__Action item__. Using the records below, output the stretch that opens with the line containing "38655 High Ridge Dr, Beaumont, CA 92223" and closes with the line containing "Casa Gabriele 3* روسانو", exactly and including both lines, with nothing more.

(Data extract Opens)

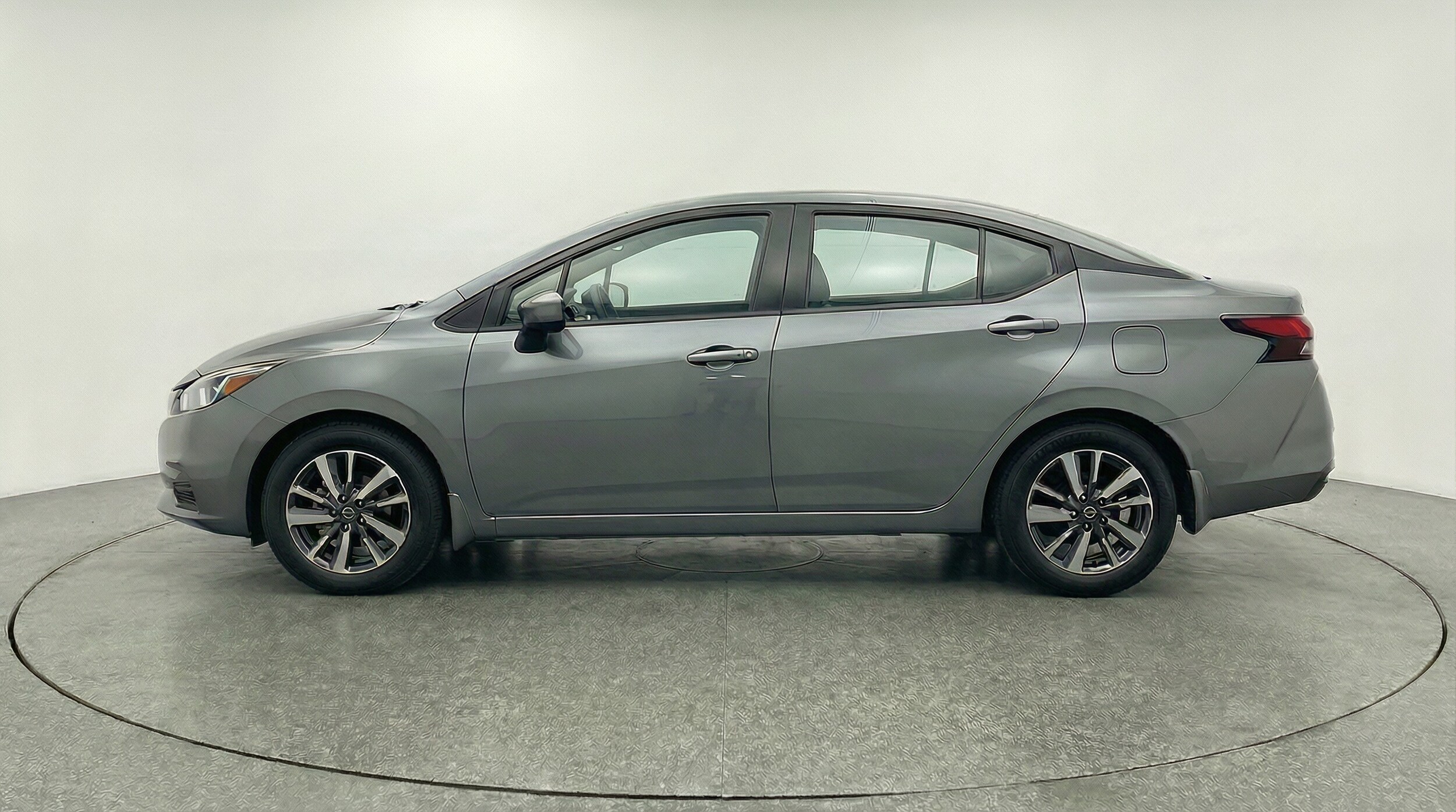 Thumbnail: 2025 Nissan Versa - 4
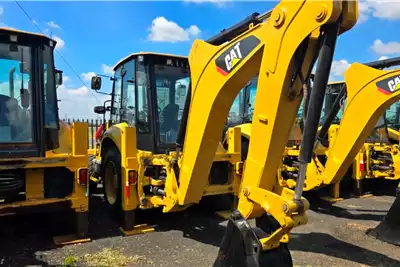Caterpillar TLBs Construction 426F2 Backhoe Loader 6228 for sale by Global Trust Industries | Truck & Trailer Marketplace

(Data extract Closes)
(Data extract Opens)

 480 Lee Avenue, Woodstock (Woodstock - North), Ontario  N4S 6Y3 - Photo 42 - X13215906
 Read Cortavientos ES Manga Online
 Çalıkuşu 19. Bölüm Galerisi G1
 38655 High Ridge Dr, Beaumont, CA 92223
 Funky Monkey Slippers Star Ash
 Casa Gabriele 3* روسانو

(Data extract Closes)

__Answer__.
 38655 High Ridge Dr, Beaumont, CA 92223
 Funky Monkey Slippers Star Ash
 Casa Gabriele 3* روسانو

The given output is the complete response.